Trata-se de um sentimento profundo e robusto —isto é, de uma fé— que dispensa qualquer prova material porque conforta e dá esperanças ao seu portador. Foi esse o papel da Igreja Católica durante muitos anos, antes de que ela se “intelectualizasse” e se afastasse do povo.

É preciso —sem preconceitos— reconhecer que seu lugar hoje é ocupado pelas igrejas evangélicas, cujo sucesso é a prova material de que estão mais antenadas com as novas realidades.

O conhecimento “científico” (isto é, a ciência) exige o oposto: a dúvida permanente, a busca interminável de recusar o que se supõe conhecido e aceitá-lo, provisoriamente, enquanto não for negado empiricamente.
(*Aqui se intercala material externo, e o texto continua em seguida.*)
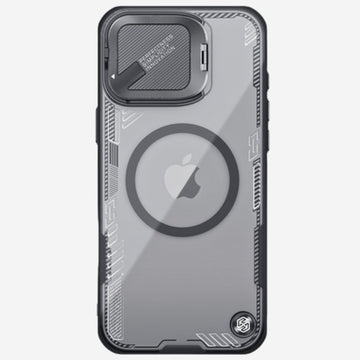 Case Nillkin IceCrystal Prop Magnetic iPhone 16 Pro Max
Como disse Popper, “o homem não pode conhecer, mas apenas conjecturar”.

Não há, necessariamente, nenhuma contradição entre essas atitudes. É possível ser, ao mesmo tempo, um bom católico, um honesto protestante pentecostal ou um gentil muçulmano na vida privada (o que exige humildade) e um brilhante cientista da vida pública (orgulhoso de seus feitos), desde que estas esferas continuem separadas.

A confusão entre elas anula as suas virtudes e pode ter consequências desagradáveis.

A ação pública resolve-se no campo da política que procura a solução dos conflitos através do razoável consenso coletivo, do respeito à opinião do “outro” e da recusa a todo abuso de poder que discrimine minorias em resposta ao “pretendido” conhecimento da “vontade da maioria”. O seu instrumento é a construção de uma república democrática sem adjetivos, como a que está implícita na Constituição de 1988.

Um exemplo dessa confusão é a intromissão dos evangélicos nas políticas públicas de gênero. É melhor respeitar e deixar cada um a vida privada que mais o conforta.

Bolsonaro foi eleito por um velho movimento cíclico de “mudar tudo o que está aí”, que se repete de tempos em tempos. Torçamos para que o cumpra e não meta a religião na política pública, o que pode desviá-lo de seu objetivo.